*** Data for analysis ***
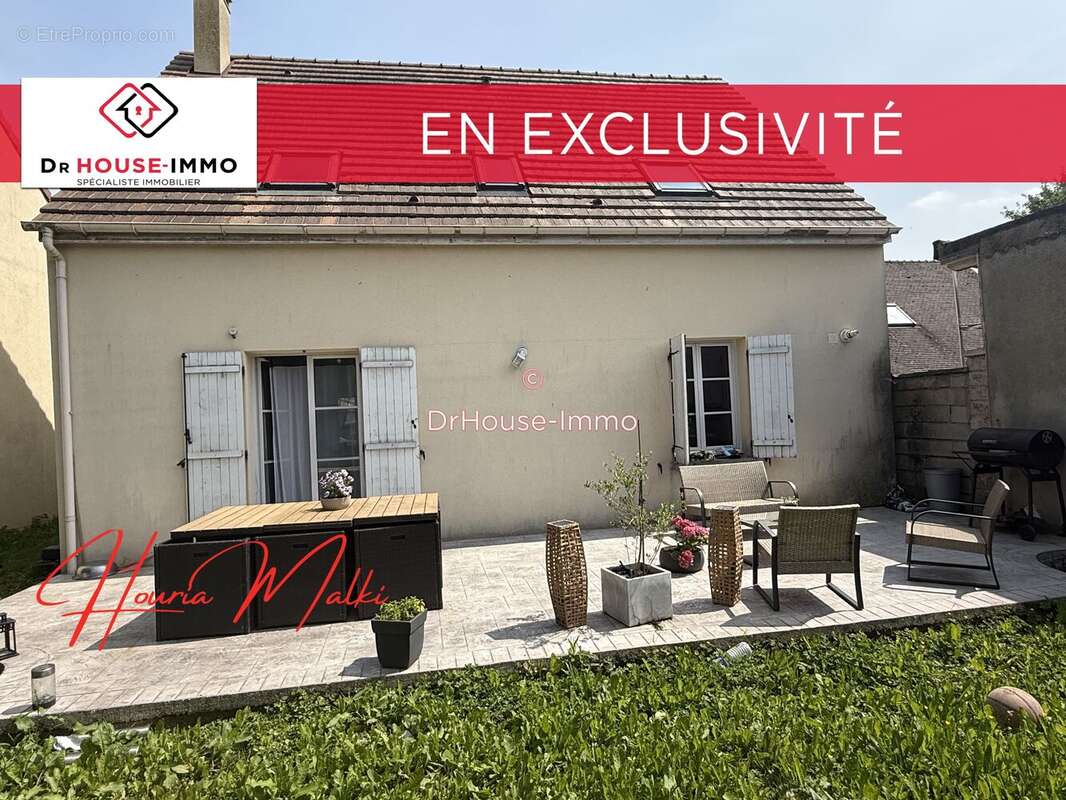 Maison 114 m² à Tremblay-En-France  - photo 19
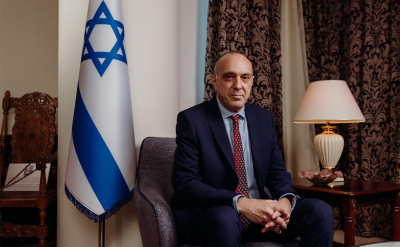 Посол Израиля сообщил о скором запуске прямых рейсов в Эйлат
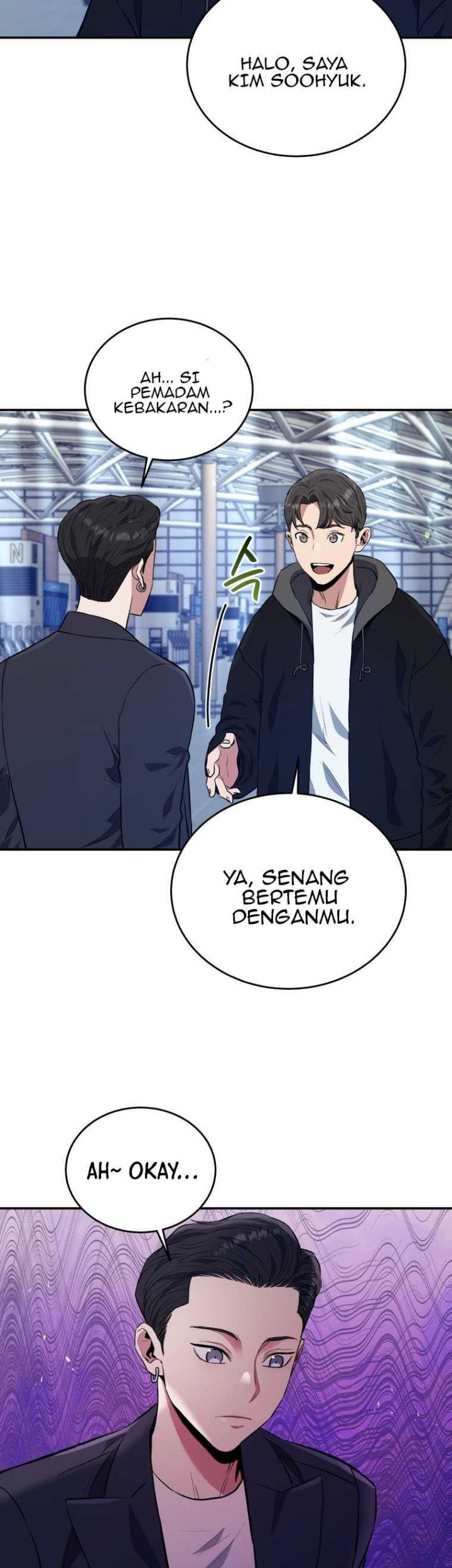 Rescue System Chapter 49 Gambar 31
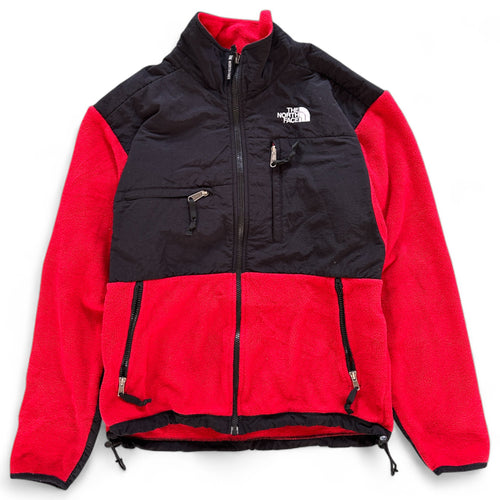 The North Face Zip-up Red Jacket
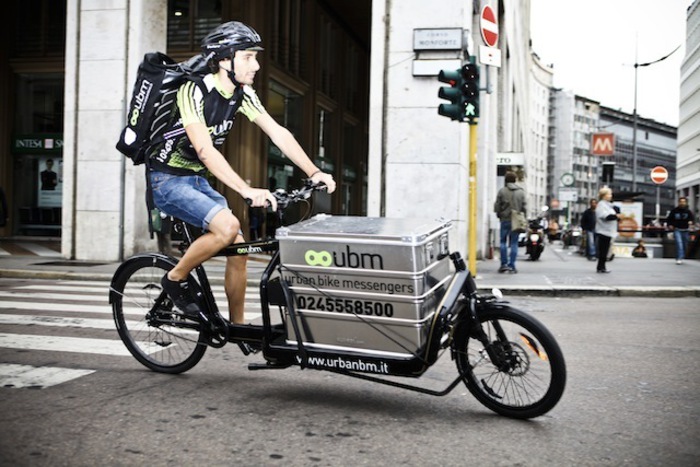 Cargo bike, l’emergenza alimenta il trend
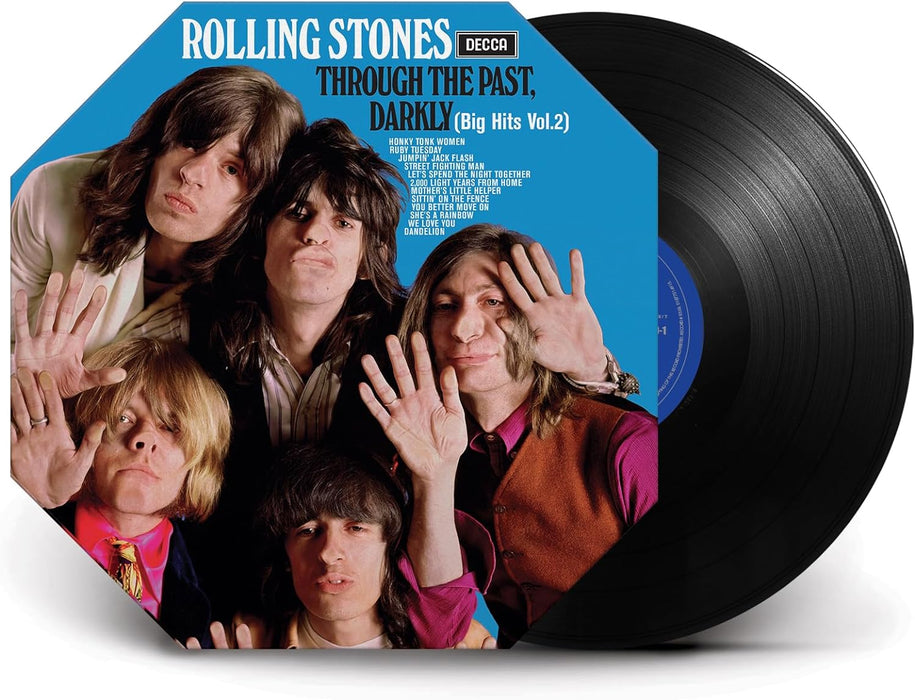 The Rolling Stones – Through The Past, Darkly (Big Hits Vol. 2) - Image 2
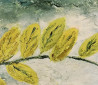 Kristina Česonytė tapytas paveikslas Rudeninė šakelė, Tapyba aliejumi , paveikslai internetu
*** End of Data for analysis ***
» **Exercise**
Reproduce exactly, without any picture, the lines from the one bearing "Cargo bike, l’emergenza alimenta il trend" to the last line of the records above.

» **Solution for this exercise**
 Cargo bike, l’emergenza alimenta il trend
 The Rolling Stones – Through The Past, Darkly (Big Hits Vol. 2) - Image 2
 Kristina Česonytė tapytas paveikslas Rudeninė šakelė, Tapyba aliejumi , paveikslai internetu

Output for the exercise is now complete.